Postgres troubles

(Regular readers of this blog, please ignore this post. We’re casting a wide net to try and find help for our problems.)

UPDATE: This problem has been resolved and all of our services are returning to their normally dubious service levels. For a technical explanation of what went wrong, see here.

Dear Postgres gurus:

We at MusicBrainz have been very happy postgres users for over a decade now and Postgres is something that gives is very few headaches compared to all the other things that we run. But last week we started having some really vexing issues with our server. Here is some back-story:

https://blog.musicbrainz.org/2015/03/14/hosting-issues-downtime-tonight/

When our load spiked, we did the normal set of things that you do:

  • Check for missing indexes, made some new ones, no change. (see details below)
  • Examined for new traffic; none of our web front end servers showed an increase in traffic.
  • Eliminated non-mission-critical uses of the DB server: stop building indexes for search, turn off lower priority sites. No change.
  • Review the performance settings of the server. Debate each setting as a team and tune. shared_buffers and work_mem tuning has made the server more resilient to recover from spikes, but still, we get massive periodic spikes.

From a restart, everything is happy and working well.
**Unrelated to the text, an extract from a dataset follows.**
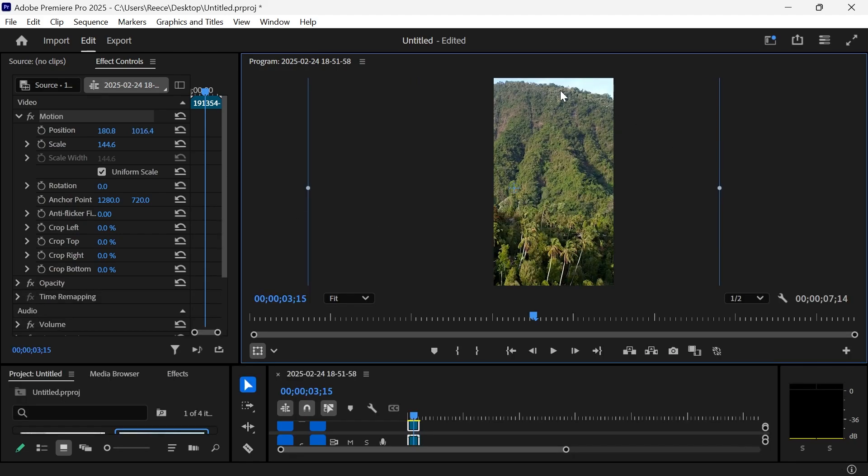Because this is a landscape video, some of the edges are going to be cropped out. But that's basically how you convert a landscape video into portrait.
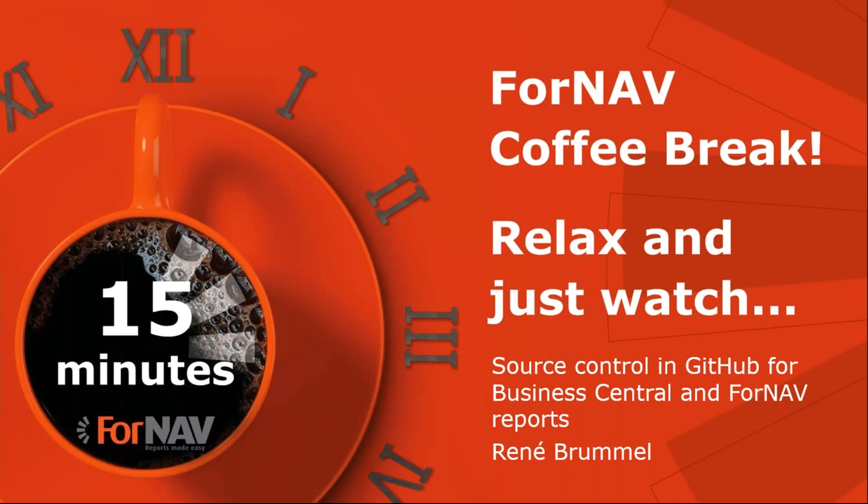Hi and welcome to this ForNAV coffee break. My name is René Brummel. I'm a project specialist at ForNAV and I will be your presenter today. As this coffee break is live, you can ask your questions via the GoToWebinar question window. We will answer them at the end of the coffee break.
Postgres will use all available ram for a while, but stay out of swap, exactly what we want it to do. But then, it tips the scales and digs into swap and everything goes to hell. We’ve studied this post for quite some time and ran queries to understand how Posgres manages its ram:

http://www.depesz.com/2012/06/09/how-much-ram-is-postgresql-using/

And sure enough ram usage just keeps increasing and once we go beyond physical ram, it goes into swap. Not rocket science. We’ve noticed that our back ends keep growing in size. According to top, once we start having processes that are 10+% of ram, we’re nearly on the cusp of entering swap. It happens predictably time and time again. Selective use of pg_terminate_backend() of these large back ends can keep us out of swap. A new, smaller backend gets created, RAM usage goes down. However, this is hardly a viable solution.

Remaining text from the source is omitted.